After dropping stop words and focusing on words that appear in at least 1.5% of all tweets, we’re left with 68 words. For each of these 68 words I’ve created a new dummy variable indicating which tweets contain this word.

Model Authorship

I want to build a neural network to predict the political party of a tweet’s author. Let’s fit a neural network with two hidden states.

library(nnet)

tweets <- tweets %>%
    group_by(screenName) %>%
    mutate(weight = 1 / n()) %>%
    ungroup()

expvars <- function(data) {
    data %>%
        select(starts_with("word_")) %>%
        as.matrix()
}

set.seed(1)
fit <- nnet(
    y = tweets$republican,
    x = expvars(tweets),
    weights = tweets$weight,
    size = 2,
    maxit = 5000
)

And save its predictions in a variable named yhat.

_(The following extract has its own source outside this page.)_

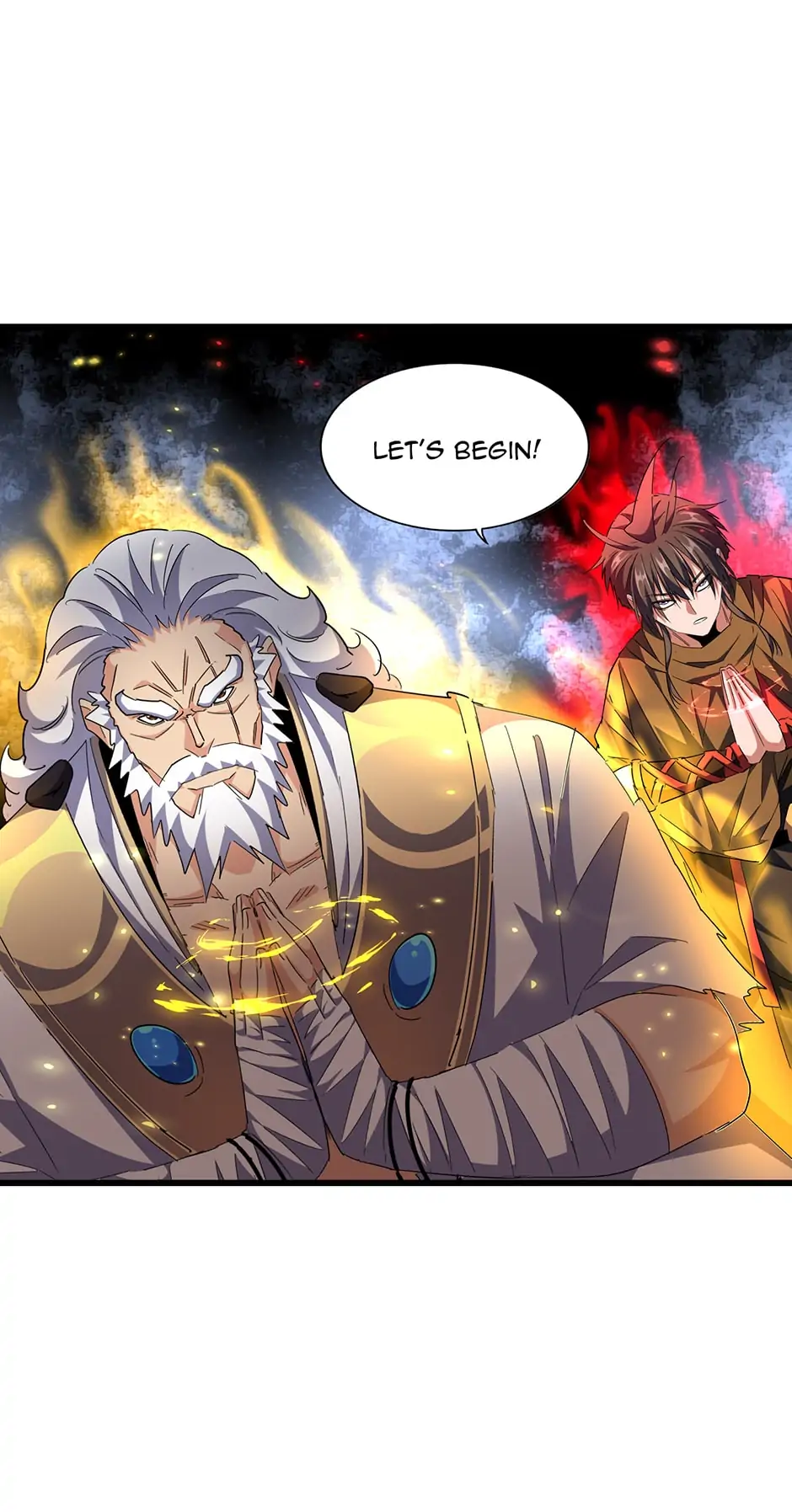 Read The Devil Butler EN Manga Online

tweets$yhat <- predict(fit, expvars(tweets))[, 1]

Evaluate Predictions

Let’s see how well our neural network predicts the political party associated with each tweet based on the words used.

tweets %>%
    ggplot(aes(x = yhat)) +
    geom_histogram(binwidth = 0.01) +
    facet_grid(party + name ~ ., scales = "free_y") +
    theme_bw() +
    xlab("Estimated Probability Tweet is by a Republican") +
    ylab("Number of Tweets")

tweets <- tweets %>%
    mutate(correct = (republican & (yhat > 0.5)) | (!republican & (yhat < 0.5)))

The model accurately predicts the political party of 78% of tweets.

Interpret Neural Network

The plot below embeds the 68 words extracted from the 1823 tweets in a two-dimensional space. The x- and y-coordinates are edge weights from the neural network. The x-coordinate reports the weight from the node indicating the word was included in the tweet to the first hidden node. The y-coordinate reports the weight from the input word to the second hidden node. I have colored each word based on the probability a tweet containing only that word would be authored by a Republican. A tweet about “obamacare” is likely written by a Republican, while a tweet about “dreamers” is likely written by a Democrat.

library(ggrepel)

my_coef <- function(object) {
    x <- data.frame(coefficient = coef(object))
    x$edge <- row.names(x)
    row.names(x) <- NULL
    x %>%
        separate(col = "edge", into = c("source", "destination"), sep = "->")
}

plot_nnet <- function(fit, tweets) {
    beta <- my_coef(fit)

    words <- grep("word_", colnames(tweets), value = TRUE)
    labels <- data.frame(
        source = paste0("i", 1:length(words)),
        label = sub("word_", "", words)
    )
    x <- data.frame(variable = words, i = 1:length(words), value = 1) %>%
        spread(variable, value, fill = 0)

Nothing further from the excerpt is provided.